DATASET CONTENT.
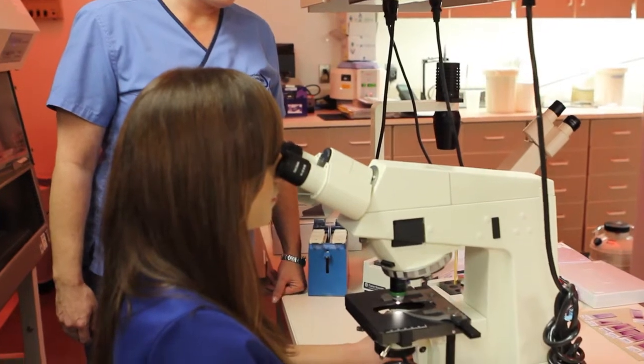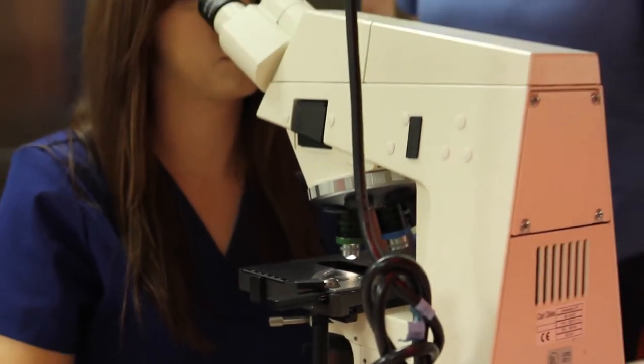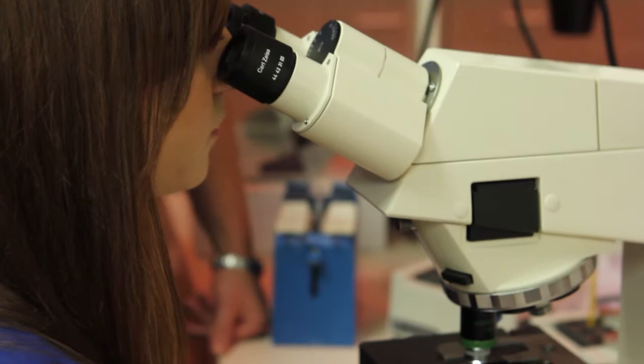Today we biopsy embryos at the blastocyst stage, allowing us to remove four to six cells — maybe even a few more — to allow for DNA analysis of the embryo. In general the embryo is frozen immediately after the biopsy, but in some cases it can be transferred within 24 hours if the analysis results are known.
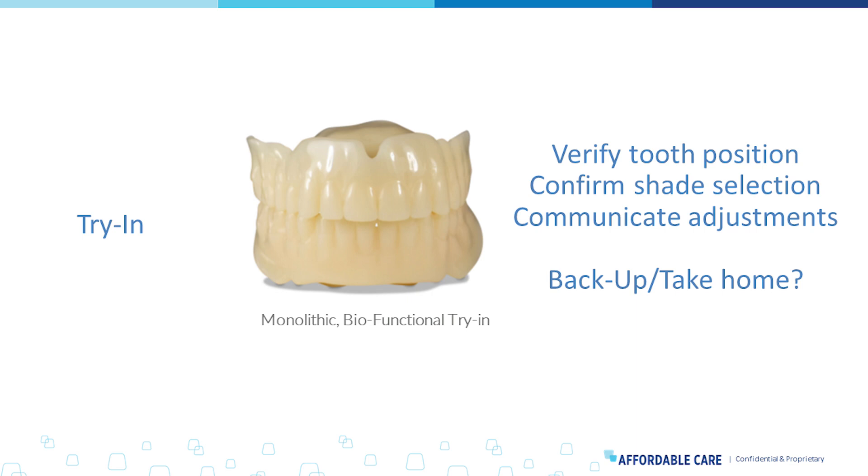Once we get aesthetic enough, I believe these try-ins — as long as they are a class two printable material — could be dentures that patients take home. We see that being requested by doctors: patients don't just want to try in and have it set in the clinic; they want to go home and show their friends and family, get buy-in from their cohort, and communicate any adjustments before moving forward with the final denture. The try-in is no longer just a simple piece of our workflow — it's a vital piece. And while augmented and virtual reality are exciting, nothing will replace getting that denture fitted onto the patient where we can validate fit and suction.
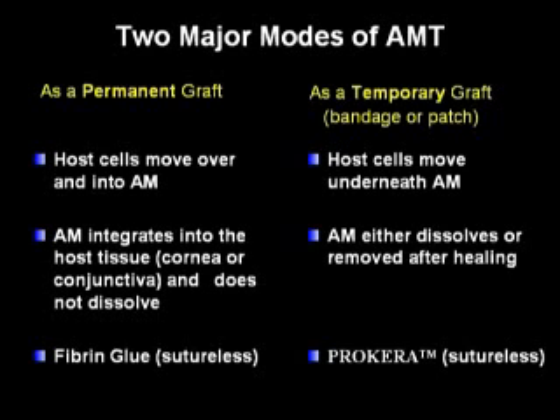Amniotic membrane transplantation as a temporary graft, a bandage, or a patch will be the main focus of this DVD. The host cells move underneath the amniotic membrane. The membrane either dissolves or is removed after healing, and the sutureless method of temporary amniotic membrane transplantation is used with fibrin glue.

EXERCISE. Down to the final line, restate the material above word for word, but omit its pictures.

OUTPUT OF THE EXERCISE.
Today we biopsy embryos at the blastocyst stage, allowing us to remove four to six cells — maybe even a few more — to allow for DNA analysis of the embryo. In general the embryo is frozen immediately after the biopsy, but in some cases it can be transferred within 24 hours if the analysis results are known.
Once we get aesthetic enough, I believe these try-ins — as long as they are a class two printable material — could be dentures that patients take home. We see that being requested by doctors: patients don't just want to try in and have it set in the clinic; they want to go home and show their friends and family, get buy-in from their cohort, and communicate any adjustments before moving forward with the final denture. The try-in is no longer just a simple piece of our workflow — it's a vital piece. And while augmented and virtual reality are exciting, nothing will replace getting that denture fitted onto the patient where we can validate fit and suction.
Amniotic membrane transplantation as a temporary graft, a bandage, or a patch will be the main focus of this DVD. The host cells move underneath the amniotic membrane. The membrane either dissolves or is removed after healing, and the sutureless method of temporary amniotic membrane transplantation is used with fibrin glue.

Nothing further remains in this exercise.